After a five-year apprenticeship marked by publishers’ rejection slips, Tarkington enjoyed a huge commercial success with The Gentleman from Indiana (1899), a novel credited with capturing the essence of the American heartland. He consolidated his fame with Monsieur Beaucaire (1900), a historical romance later adapted into a movie starring Rudolph Valentino. ‘Monsieur Beaucaire is ever green,’ remarked Damon Runyon. ‘It is a little literary cameo, and we read it over at least once a year.’ The political knowledge Tarkington acquired while serving one term in the Indiana house of representatives informed In the Arena (1905), a collection of short stories that drew praise from President Theodore Roosevelt for its realism. In collaboration with dramatist Harry Leon Wilson, Tarkington wrote The Man from Home (1907), the first of many successful Broadway plays.
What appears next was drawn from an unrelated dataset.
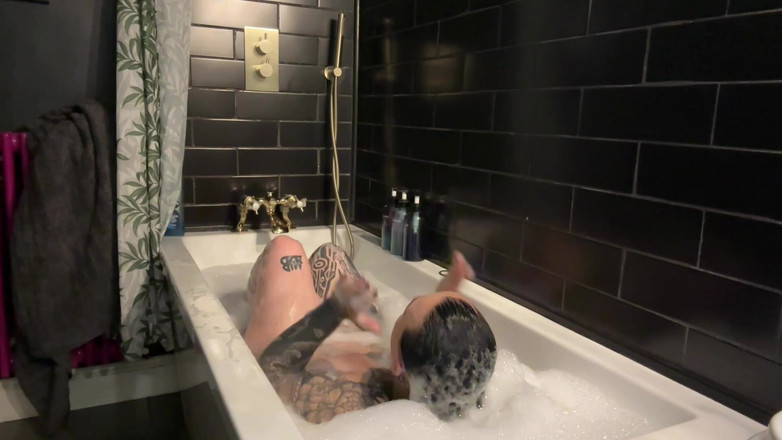 Miss Valentina: Відійди до цього невдахи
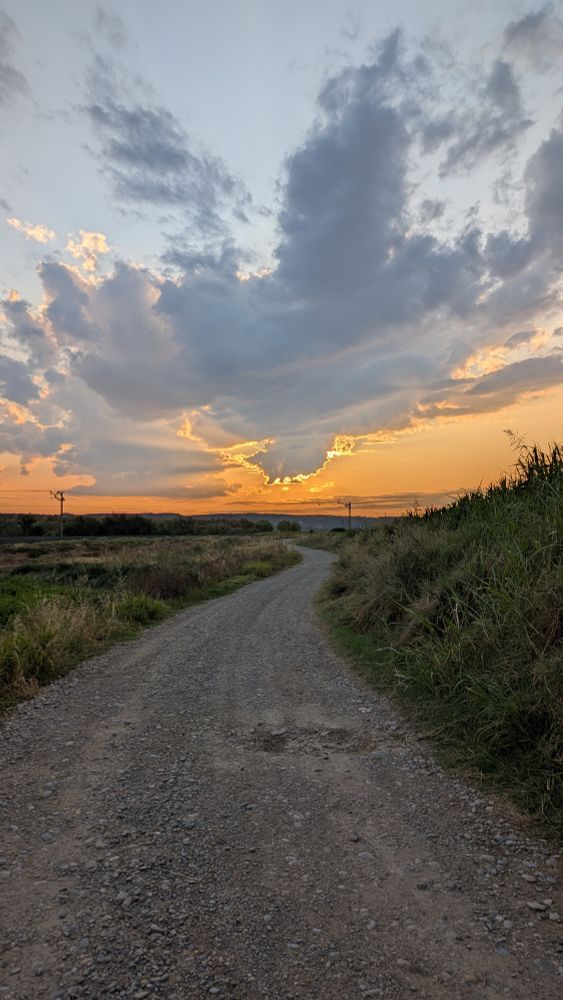 Sonnenuntergang hinter Wolken.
His comedy Clarence (1919), which Alexander Woollcott praised for being ‘as American as Huckleberry Finn or pumpkin pie,’ helped launch Alfred Lunt on a distinguished career and provided Helen Hayes with an early successful role.

Following a decade in Europe, Tarkington returned to Indianapolis and won a new readership with the publication of The Flirt (1913). The first of his novels to be serialized in the Saturday Evening Post, the book contained authentic characters and themes that paved the way for Penrod (1914), a group of tales drawn from the author’s boyhood memories of growing up in Indiana. The adventures of Penrod Schofield, which Tarkington also chronicled in the sequels Penrod and Sam (1916) and Penrod Jashber (1929), seized the imagination of young adult readers and invited comparison with Tom Sawyer. Equally successful was Seventeen (1916), a nostalgic comedy of adolescence that subsequently inspired a play, two Broadway musicals, and a pair of film adaptations as well as Tarkington’s sequel novel Gentle Julia (1922).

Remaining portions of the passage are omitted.